- Hudgens at Dragon Con in 2026
- Born: April 6, 1967 (age 59) Memphis, Tennessee, United States
- Occupations: Film director, producer

= John E. Hudgens =

American actor

John E. Hudgens (born April 6, 1967) is an American independent director, producer, and editor noted for his short Star Wars fan films and for many Babylon 5 promotional videos.

On his own, Hudgens began editing Babylon 5 videos cut to popular music beginning in 1994. Babylon 5 creator and writer J. Michael Straczynski saw these early efforts and hired Hudgens to officially produce B5 promotional music videos for science fiction fan conventions and other events. Eight official videos were produced, plus more unofficial videos shown at conventions and distributed on the Internet.

Hudgens had also dabbled in fan films, producing The Empire Strikes Quack in the late 1980s. Beginning in 2000, Hudgens made the first of a series of noted Star Wars fan films, Crazy Watto, a two-minute parody of Star Wars and used car commercials. The film proved very popular and would go on to be an official selection at Lucasfilm's Official Star Wars Fan Film Awards and screen at the Cannes Film Festival. His second film, Darth Vader's Psychic Hotline, is a fast-paced four-minute parody of many science fiction shows and films, and features Kevin J. Anderson, Claudia Christian and Peter David among others. This effort was the second runner-up for the Audience Choice Award at the 2002 Official Star Wars Fan Film Awards, an award he would win the next year for The Jedi Hunter, a parody of Star Wars and The Crocodile Hunter.

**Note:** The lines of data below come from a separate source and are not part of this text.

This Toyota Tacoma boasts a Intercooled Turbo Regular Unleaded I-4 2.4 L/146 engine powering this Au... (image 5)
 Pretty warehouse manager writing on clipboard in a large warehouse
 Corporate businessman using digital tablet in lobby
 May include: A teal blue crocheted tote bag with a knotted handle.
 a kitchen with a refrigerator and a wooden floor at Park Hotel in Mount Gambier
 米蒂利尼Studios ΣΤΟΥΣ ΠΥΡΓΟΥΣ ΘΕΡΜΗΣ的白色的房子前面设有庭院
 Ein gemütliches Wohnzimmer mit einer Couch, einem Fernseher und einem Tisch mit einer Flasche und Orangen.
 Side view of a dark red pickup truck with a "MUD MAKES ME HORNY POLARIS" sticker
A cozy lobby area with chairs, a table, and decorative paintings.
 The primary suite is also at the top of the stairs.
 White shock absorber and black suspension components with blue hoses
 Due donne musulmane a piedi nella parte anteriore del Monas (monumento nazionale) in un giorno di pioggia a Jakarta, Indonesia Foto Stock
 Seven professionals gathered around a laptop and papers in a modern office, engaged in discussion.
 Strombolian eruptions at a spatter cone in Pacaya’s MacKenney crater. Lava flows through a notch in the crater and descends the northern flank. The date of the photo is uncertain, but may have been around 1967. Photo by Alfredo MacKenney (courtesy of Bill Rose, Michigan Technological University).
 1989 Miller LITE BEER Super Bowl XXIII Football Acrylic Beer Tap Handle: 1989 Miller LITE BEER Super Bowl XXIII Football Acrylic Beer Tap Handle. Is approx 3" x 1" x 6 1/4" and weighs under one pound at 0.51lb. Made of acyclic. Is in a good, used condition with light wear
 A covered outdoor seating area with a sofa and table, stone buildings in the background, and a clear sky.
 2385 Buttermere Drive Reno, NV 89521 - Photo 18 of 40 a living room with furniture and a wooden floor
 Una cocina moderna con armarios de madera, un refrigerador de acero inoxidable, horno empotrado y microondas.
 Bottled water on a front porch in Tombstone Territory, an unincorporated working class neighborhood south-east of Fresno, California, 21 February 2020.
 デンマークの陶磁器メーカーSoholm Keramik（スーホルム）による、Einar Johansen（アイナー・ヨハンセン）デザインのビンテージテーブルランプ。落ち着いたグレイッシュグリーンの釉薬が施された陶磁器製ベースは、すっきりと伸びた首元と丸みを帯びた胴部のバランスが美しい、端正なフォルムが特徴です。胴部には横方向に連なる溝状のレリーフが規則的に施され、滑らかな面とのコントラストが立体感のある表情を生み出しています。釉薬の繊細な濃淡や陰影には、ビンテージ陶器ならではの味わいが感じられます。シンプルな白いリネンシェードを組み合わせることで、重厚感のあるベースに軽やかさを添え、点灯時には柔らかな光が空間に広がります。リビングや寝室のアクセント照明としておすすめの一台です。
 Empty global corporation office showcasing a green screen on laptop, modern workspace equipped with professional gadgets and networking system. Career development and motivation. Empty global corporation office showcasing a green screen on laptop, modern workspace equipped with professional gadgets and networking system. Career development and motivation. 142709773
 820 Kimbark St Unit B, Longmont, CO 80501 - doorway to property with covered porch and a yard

He would win the Audience Choice Award once more in 2005 for Sith Apprentice, his longest fan film to date, at twelve minutes. All of Hudgens fan films were produced, directed, shot, and edited by him, were made in collaboration with The Men in Black creator Lowell Cunningham, and were produced and released by Hudgens' Z-Team Productions company.

Hudgens went on to create American Scary, a feature-length documentary about television horror hosts. The film premiered in October 2006 at the Hollywood Film Festival, and was released on DVD in February 2009.

Hudgens' most recent effort was Backyard Blockbusters, a 2012 documentary about the fan film genre and the people behind it.